> WHAT YOU SHOULD DO
The expected output is exactly the lines below, starting at the line with "2020 Chevrolet Malibu" and ending at the line with "PERFECT ONDERHOUDEN STADSWONING", both included; no other line belongs in it.

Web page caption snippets
•••
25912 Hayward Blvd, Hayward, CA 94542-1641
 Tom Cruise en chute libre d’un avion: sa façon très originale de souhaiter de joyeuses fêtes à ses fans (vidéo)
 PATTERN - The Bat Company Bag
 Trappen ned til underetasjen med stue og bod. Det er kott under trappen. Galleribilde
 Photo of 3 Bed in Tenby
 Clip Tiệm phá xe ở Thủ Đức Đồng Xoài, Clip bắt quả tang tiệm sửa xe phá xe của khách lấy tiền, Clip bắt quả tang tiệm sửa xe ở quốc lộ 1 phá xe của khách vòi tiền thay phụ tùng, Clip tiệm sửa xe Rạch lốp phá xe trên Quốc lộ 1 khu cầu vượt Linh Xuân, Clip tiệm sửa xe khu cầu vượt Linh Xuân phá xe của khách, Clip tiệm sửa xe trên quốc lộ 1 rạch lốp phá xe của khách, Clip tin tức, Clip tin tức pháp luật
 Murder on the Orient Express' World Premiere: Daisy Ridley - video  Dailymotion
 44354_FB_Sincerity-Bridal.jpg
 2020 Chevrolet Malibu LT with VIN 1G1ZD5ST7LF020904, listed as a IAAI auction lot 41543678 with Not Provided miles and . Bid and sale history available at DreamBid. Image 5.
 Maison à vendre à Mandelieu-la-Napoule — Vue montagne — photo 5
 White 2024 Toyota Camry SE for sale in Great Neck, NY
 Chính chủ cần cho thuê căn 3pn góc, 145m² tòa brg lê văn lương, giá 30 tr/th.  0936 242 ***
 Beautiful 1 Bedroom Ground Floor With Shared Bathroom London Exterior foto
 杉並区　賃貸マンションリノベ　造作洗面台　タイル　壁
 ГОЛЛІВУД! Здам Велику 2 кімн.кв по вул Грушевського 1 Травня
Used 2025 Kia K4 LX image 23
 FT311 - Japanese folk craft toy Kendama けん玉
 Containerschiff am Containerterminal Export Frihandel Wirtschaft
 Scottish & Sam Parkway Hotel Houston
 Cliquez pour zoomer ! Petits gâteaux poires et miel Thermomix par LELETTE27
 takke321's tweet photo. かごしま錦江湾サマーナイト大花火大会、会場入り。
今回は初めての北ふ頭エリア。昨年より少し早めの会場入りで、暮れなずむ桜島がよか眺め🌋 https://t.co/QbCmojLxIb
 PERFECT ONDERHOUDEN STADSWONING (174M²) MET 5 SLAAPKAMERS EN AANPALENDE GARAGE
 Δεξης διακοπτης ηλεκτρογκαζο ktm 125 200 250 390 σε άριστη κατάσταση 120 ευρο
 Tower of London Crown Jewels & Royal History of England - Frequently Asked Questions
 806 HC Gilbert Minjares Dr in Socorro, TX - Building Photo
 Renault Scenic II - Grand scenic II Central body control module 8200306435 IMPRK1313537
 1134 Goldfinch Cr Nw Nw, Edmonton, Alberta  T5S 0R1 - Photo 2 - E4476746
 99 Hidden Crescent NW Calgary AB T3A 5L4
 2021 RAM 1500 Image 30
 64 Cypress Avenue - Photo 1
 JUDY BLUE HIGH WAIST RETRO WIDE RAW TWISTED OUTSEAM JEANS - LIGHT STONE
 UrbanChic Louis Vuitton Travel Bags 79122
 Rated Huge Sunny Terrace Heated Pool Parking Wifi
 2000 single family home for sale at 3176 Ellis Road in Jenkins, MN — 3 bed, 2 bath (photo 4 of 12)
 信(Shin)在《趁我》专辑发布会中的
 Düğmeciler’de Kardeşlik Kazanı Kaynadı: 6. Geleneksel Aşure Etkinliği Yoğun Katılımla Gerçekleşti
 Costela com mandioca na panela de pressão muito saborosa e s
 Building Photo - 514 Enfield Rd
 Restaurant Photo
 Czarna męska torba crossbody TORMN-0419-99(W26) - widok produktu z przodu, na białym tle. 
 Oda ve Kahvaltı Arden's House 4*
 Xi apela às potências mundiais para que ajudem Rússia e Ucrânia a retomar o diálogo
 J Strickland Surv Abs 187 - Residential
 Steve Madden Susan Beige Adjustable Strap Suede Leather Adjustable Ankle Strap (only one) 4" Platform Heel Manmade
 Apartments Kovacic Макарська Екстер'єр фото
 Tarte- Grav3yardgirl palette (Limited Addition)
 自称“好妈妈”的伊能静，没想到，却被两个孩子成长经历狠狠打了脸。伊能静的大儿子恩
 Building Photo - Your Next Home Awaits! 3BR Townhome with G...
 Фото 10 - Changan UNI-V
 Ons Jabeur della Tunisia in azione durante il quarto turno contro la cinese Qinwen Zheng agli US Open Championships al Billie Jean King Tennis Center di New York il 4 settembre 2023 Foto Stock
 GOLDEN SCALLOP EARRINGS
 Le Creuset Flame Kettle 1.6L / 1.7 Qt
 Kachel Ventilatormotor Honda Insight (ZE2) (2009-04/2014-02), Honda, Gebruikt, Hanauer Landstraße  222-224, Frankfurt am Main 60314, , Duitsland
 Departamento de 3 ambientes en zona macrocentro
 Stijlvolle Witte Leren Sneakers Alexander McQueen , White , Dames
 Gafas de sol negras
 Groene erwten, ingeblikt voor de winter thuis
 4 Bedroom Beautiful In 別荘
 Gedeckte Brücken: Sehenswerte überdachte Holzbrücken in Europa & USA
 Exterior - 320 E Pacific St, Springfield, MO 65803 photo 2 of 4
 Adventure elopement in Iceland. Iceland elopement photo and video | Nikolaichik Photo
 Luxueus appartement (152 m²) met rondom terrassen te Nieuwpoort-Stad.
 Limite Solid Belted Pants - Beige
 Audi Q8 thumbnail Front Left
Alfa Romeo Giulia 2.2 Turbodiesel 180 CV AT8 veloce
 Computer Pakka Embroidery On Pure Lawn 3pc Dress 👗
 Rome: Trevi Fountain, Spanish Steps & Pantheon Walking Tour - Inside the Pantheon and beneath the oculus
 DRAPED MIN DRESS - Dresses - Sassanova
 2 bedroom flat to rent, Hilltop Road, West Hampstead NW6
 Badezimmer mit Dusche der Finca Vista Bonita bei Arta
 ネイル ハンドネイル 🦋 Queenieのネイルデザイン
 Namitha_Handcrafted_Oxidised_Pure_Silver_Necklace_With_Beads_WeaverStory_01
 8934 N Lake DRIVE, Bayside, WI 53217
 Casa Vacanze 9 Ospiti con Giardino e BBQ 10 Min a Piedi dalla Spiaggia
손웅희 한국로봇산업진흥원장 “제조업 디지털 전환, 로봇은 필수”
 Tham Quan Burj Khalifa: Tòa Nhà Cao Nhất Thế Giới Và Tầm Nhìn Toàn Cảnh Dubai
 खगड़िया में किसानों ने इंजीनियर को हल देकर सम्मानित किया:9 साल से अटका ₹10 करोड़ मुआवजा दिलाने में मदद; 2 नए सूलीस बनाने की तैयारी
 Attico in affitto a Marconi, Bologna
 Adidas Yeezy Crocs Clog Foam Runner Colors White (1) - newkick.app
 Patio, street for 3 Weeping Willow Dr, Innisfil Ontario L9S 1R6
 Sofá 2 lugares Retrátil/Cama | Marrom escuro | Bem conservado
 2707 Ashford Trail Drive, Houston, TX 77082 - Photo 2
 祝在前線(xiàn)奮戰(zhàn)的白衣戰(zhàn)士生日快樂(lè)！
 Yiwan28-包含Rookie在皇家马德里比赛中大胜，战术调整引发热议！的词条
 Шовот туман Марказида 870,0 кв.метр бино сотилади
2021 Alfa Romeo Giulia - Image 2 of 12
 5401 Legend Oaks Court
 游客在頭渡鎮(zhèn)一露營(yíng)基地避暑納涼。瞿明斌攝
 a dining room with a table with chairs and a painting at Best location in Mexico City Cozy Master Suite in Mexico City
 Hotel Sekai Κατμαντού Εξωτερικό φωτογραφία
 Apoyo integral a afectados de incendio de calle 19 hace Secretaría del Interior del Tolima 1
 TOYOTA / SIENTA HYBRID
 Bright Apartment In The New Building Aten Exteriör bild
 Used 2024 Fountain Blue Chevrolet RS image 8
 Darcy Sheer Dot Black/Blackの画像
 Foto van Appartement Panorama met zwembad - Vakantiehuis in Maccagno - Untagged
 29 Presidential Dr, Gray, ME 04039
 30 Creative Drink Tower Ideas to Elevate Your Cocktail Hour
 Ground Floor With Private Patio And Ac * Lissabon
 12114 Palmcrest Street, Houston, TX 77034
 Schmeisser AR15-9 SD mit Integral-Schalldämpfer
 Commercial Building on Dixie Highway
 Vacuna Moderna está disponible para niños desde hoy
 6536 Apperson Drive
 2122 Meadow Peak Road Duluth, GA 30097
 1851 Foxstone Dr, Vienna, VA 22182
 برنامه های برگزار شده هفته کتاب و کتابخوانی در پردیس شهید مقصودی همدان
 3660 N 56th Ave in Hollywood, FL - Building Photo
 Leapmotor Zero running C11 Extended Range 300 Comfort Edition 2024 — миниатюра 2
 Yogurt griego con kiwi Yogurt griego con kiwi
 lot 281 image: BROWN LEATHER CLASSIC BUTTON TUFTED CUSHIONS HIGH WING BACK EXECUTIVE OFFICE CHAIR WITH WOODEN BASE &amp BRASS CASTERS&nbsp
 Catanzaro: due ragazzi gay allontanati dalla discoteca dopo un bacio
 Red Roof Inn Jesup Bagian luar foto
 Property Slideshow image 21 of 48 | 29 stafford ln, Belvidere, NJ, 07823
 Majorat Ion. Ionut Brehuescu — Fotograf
•••
> EXERCISE ANSWER
 2020 Chevrolet Malibu LT with VIN 1G1ZD5ST7LF020904, listed as a IAAI auction lot 41543678 with Not Provided miles and . Bid and sale history available at DreamBid. Image 5.
 Maison à vendre à Mandelieu-la-Napoule — Vue montagne — photo 5
 White 2024 Toyota Camry SE for sale in Great Neck, NY
 Chính chủ cần cho thuê căn 3pn góc, 145m² tòa brg lê văn lương, giá 30 tr/th.  0936 242 ***
 Beautiful 1 Bedroom Ground Floor With Shared Bathroom London Exterior foto
 杉並区　賃貸マンションリノベ　造作洗面台　タイル　壁
 ГОЛЛІВУД! Здам Велику 2 кімн.кв по вул Грушевського 1 Травня
Used 2025 Kia K4 LX image 23
 FT311 - Japanese folk craft toy Kendama けん玉
 Containerschiff am Containerterminal Export Frihandel Wirtschaft
 Scottish & Sam Parkway Hotel Houston
 Cliquez pour zoomer ! Petits gâteaux poires et miel Thermomix par LELETTE27
 takke321's tweet photo. かごしま錦江湾サマーナイト大花火大会、会場入り。
今回は初めての北ふ頭エリア。昨年より少し早めの会場入りで、暮れなずむ桜島がよか眺め🌋 https://t.co/QbCmojLxIb
 PERFECT ONDERHOUDEN STADSWONING (174M²) MET 5 SLAAPKAMERS EN AANPALENDE GARAGE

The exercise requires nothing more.